## Required action
From the entries below, transcribe exactly the lines between the line holding "Laurence Bras Trench" and the line holding "Courtyard By Marriott", inclusive; skip all other lines.
+ + +
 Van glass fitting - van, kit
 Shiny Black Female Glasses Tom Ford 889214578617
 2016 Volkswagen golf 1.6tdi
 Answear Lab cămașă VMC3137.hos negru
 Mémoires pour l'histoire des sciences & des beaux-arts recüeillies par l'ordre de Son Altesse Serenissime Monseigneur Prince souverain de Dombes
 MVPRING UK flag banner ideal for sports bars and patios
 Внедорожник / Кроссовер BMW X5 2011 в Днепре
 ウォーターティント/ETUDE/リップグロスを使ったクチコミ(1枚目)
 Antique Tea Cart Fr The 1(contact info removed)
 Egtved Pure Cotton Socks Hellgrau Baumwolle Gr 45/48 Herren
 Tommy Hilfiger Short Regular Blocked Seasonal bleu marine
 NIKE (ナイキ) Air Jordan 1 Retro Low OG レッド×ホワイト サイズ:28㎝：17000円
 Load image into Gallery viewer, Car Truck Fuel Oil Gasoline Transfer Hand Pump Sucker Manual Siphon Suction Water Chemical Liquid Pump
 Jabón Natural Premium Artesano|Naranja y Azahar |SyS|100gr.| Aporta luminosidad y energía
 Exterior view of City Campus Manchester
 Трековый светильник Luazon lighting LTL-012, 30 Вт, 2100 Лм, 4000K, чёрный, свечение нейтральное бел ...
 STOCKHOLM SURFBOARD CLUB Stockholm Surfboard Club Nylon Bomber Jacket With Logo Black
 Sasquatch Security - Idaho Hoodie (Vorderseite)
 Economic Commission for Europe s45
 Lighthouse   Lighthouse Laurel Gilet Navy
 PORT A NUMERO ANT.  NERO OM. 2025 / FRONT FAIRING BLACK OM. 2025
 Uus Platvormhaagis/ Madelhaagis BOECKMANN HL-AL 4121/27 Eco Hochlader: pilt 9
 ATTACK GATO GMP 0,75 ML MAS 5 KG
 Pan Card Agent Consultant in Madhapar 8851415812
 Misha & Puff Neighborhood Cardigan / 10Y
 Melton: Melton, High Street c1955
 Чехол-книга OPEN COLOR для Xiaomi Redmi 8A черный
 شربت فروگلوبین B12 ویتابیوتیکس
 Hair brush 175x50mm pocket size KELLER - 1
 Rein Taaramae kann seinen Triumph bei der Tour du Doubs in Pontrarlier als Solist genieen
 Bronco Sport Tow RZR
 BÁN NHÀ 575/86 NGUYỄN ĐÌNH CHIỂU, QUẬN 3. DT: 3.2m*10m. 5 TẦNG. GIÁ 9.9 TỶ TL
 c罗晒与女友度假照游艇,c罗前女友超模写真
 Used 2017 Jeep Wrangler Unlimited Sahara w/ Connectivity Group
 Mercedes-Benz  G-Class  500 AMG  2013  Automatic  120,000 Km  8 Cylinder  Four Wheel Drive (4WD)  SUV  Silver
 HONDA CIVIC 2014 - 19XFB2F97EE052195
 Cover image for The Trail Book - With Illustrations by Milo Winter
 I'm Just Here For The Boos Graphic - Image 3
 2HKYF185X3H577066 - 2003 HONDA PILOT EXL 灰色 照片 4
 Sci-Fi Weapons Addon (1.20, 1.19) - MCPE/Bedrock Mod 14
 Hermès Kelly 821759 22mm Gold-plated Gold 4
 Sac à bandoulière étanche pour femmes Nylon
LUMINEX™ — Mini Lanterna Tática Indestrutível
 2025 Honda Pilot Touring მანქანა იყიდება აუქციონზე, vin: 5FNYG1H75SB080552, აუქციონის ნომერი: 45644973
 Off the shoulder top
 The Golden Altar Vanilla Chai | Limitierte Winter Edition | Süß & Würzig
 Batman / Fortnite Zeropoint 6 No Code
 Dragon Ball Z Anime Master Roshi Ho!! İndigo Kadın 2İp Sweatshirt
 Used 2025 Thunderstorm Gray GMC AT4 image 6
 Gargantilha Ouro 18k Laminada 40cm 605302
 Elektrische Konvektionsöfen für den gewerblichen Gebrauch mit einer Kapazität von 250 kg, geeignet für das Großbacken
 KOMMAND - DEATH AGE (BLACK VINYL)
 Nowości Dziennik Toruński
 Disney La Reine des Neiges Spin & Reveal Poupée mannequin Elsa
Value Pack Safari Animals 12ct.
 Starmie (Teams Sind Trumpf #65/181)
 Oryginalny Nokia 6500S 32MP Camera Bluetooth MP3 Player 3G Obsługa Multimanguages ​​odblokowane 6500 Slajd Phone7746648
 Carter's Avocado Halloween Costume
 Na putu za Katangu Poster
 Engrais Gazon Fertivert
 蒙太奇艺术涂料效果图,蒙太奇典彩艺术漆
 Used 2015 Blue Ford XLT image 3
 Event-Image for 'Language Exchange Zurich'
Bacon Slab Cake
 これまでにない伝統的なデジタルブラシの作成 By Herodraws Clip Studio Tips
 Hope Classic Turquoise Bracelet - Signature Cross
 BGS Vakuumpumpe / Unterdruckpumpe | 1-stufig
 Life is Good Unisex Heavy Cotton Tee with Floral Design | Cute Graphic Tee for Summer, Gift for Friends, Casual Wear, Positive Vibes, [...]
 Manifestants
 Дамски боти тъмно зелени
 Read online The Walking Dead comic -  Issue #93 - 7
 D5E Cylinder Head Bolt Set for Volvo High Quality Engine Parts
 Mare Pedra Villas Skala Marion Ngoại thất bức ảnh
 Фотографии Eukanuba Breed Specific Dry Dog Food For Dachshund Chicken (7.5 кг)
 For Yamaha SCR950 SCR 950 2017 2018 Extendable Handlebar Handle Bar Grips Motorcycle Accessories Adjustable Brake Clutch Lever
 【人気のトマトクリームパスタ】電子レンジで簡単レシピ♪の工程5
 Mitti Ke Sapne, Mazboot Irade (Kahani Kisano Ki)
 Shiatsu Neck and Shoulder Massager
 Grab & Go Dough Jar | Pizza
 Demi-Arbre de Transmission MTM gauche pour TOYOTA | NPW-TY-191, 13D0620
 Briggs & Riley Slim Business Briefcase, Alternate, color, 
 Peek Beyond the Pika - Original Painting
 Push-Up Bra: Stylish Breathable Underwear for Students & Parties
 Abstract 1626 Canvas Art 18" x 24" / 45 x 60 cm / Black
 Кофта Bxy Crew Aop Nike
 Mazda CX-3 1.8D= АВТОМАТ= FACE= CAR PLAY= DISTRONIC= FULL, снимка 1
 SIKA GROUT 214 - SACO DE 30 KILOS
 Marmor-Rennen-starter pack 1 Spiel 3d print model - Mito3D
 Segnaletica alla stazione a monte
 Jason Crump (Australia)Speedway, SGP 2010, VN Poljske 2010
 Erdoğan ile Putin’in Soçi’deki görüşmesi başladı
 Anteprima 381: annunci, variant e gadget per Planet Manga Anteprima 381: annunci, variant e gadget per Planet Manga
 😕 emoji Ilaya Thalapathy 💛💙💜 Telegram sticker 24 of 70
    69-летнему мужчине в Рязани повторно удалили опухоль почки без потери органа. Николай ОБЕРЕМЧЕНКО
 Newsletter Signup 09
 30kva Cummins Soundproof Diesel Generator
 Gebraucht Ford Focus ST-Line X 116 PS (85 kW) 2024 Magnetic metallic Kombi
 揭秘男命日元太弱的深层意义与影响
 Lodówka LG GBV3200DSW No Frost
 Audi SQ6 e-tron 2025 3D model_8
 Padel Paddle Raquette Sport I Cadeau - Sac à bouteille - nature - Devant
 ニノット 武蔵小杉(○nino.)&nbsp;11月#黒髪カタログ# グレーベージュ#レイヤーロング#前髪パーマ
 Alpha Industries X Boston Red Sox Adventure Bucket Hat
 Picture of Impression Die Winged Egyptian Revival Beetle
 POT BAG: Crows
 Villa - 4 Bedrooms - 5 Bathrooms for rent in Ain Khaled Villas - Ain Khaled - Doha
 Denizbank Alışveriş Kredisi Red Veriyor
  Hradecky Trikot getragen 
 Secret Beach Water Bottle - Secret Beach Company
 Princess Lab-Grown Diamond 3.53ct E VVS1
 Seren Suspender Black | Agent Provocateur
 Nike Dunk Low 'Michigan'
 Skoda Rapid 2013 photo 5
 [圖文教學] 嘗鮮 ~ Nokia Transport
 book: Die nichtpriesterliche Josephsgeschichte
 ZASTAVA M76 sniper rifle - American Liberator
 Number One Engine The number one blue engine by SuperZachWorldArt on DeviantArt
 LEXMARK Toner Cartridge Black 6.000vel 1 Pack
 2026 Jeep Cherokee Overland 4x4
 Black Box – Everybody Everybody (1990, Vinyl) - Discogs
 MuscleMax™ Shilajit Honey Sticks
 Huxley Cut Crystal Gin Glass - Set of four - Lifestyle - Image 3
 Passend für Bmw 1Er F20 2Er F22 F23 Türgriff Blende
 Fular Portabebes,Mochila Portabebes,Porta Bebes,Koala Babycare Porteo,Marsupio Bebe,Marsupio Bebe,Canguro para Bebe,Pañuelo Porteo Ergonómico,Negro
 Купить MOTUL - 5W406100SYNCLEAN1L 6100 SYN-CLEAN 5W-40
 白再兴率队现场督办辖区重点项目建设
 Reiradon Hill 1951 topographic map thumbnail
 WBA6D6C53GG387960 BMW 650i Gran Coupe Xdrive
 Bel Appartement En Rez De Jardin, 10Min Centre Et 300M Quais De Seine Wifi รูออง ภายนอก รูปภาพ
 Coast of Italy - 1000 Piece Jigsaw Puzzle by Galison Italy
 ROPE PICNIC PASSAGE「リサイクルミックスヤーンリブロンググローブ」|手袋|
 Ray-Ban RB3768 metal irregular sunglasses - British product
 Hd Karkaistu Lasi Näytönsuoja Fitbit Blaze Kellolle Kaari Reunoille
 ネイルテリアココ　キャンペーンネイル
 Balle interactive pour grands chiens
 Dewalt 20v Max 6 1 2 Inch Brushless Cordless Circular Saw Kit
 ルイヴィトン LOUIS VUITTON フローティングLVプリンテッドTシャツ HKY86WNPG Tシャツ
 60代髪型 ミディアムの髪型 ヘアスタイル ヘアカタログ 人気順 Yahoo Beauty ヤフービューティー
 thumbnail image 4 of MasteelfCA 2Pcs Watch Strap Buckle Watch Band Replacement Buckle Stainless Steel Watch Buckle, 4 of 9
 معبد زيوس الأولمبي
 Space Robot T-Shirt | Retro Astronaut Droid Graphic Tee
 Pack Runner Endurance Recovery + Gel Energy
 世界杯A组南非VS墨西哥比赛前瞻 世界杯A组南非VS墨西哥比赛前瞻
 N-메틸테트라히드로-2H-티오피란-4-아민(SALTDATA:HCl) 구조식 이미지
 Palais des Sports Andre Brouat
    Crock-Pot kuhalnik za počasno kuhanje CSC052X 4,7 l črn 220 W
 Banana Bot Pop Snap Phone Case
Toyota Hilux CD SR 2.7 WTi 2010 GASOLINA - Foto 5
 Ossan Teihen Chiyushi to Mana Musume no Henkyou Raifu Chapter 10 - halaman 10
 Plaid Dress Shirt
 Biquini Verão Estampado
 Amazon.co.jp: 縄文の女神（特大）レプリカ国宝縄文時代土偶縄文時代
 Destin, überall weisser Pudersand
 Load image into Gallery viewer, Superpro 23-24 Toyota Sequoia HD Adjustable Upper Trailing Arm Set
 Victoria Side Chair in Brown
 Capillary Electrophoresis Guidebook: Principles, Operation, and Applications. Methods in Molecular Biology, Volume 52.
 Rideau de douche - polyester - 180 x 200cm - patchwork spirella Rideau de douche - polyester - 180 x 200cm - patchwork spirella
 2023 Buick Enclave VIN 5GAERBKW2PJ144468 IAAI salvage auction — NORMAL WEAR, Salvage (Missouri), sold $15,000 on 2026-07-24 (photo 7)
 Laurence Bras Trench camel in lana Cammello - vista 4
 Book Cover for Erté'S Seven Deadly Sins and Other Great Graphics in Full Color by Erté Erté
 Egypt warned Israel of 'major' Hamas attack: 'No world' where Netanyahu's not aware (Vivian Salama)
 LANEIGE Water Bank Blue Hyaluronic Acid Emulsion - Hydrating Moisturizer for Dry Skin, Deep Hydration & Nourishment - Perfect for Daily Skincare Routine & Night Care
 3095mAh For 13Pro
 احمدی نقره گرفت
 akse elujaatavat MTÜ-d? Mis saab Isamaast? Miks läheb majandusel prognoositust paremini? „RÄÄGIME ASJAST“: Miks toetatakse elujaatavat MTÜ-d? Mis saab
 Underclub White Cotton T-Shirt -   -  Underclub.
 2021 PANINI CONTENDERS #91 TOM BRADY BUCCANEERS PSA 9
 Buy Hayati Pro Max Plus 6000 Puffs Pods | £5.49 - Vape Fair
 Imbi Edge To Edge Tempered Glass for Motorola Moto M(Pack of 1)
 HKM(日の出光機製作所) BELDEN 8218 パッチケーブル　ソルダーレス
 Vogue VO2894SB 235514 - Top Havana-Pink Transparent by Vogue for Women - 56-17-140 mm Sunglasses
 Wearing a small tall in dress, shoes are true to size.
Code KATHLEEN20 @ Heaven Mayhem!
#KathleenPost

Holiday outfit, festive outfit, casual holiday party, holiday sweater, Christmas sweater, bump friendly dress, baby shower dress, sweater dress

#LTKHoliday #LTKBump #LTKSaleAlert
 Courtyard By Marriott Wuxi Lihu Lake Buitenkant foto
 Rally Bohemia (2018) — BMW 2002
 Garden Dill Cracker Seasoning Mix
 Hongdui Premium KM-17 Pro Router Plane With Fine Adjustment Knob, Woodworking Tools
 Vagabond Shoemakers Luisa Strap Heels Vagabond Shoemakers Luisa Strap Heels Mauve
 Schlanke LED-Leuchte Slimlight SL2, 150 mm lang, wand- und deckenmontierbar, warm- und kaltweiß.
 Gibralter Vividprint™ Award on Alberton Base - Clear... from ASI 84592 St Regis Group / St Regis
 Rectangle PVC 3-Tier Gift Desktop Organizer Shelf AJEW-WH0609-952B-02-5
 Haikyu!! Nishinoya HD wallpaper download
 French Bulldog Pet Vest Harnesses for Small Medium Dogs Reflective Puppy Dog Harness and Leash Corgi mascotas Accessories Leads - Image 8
+ + +
## Output of the exercise
 Laurence Bras Trench camel in lana Cammello - vista 4
 Book Cover for Erté'S Seven Deadly Sins and Other Great Graphics in Full Color by Erté Erté
 Egypt warned Israel of 'major' Hamas attack: 'No world' where Netanyahu's not aware (Vivian Salama)
 LANEIGE Water Bank Blue Hyaluronic Acid Emulsion - Hydrating Moisturizer for Dry Skin, Deep Hydration & Nourishment - Perfect for Daily Skincare Routine & Night Care
 3095mAh For 13Pro
 احمدی نقره گرفت
 akse elujaatavat MTÜ-d? Mis saab Isamaast? Miks läheb majandusel prognoositust paremini? „RÄÄGIME ASJAST“: Miks toetatakse elujaatavat MTÜ-d? Mis saab
 Underclub White Cotton T-Shirt -   -  Underclub.
 2021 PANINI CONTENDERS #91 TOM BRADY BUCCANEERS PSA 9
 Buy Hayati Pro Max Plus 6000 Puffs Pods | £5.49 - Vape Fair
 Imbi Edge To Edge Tempered Glass for Motorola Moto M(Pack of 1)
 HKM(日の出光機製作所) BELDEN 8218 パッチケーブル　ソルダーレス
 Vogue VO2894SB 235514 - Top Havana-Pink Transparent by Vogue for Women - 56-17-140 mm Sunglasses
 Wearing a small tall in dress, shoes are true to size.
Code KATHLEEN20 @ Heaven Mayhem!
#KathleenPost

Holiday outfit, festive outfit, casual holiday party, holiday sweater, Christmas sweater, bump friendly dress, baby shower dress, sweater dress

#LTKHoliday #LTKBump #LTKSaleAlert
 Courtyard By Marriott Wuxi Lihu Lake Buitenkant foto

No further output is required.